● EXERCISE DETAILS: Search the data below for "картой"; list each line that holds it.

Stored data:
-- Opening Marker --
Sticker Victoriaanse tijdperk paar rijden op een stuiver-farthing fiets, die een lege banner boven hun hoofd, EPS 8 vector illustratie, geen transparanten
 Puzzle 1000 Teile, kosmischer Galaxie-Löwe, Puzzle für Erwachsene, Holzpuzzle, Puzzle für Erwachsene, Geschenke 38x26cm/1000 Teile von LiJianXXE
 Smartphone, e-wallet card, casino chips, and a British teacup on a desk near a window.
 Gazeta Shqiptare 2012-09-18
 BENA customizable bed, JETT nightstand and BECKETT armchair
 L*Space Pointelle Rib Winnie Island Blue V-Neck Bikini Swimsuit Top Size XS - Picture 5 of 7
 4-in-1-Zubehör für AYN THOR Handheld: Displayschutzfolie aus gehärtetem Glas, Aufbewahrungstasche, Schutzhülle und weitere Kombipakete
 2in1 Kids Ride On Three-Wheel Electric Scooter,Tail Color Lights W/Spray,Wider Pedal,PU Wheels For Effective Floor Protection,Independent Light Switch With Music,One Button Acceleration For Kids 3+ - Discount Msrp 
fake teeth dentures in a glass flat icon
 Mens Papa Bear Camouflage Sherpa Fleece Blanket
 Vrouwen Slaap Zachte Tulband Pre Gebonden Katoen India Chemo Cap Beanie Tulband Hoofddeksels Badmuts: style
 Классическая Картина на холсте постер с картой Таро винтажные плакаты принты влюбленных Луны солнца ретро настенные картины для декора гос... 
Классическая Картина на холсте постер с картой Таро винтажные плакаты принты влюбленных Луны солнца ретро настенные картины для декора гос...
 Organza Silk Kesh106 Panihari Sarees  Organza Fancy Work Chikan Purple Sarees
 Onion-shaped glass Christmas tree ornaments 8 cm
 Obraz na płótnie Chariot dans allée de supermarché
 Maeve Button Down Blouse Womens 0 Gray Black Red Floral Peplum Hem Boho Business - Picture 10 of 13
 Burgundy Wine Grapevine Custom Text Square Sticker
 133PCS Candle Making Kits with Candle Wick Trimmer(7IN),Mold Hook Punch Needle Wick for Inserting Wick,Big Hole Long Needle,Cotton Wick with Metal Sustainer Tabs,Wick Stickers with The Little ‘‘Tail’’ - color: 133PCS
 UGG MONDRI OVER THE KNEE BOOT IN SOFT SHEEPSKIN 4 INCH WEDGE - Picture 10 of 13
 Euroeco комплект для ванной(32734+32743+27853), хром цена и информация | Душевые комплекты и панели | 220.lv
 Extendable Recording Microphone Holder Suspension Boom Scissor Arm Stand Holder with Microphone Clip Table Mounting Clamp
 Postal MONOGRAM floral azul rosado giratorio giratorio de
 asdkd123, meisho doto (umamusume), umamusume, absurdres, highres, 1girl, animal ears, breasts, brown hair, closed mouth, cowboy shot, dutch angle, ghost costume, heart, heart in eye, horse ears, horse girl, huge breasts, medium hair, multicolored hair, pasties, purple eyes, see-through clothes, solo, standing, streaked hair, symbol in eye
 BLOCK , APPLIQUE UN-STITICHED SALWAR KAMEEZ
-- Closing Marker --
● FINISHED TASK:
 Классическая Картина на холсте постер с картой Таро винтажные плакаты принты влюбленных Луны солнца ретро настенные картины для декора гос... 
Классическая Картина на холсте постер с картой Таро винтажные плакаты принты влюбленных Луны солнца ретро настенные картины для декора гос...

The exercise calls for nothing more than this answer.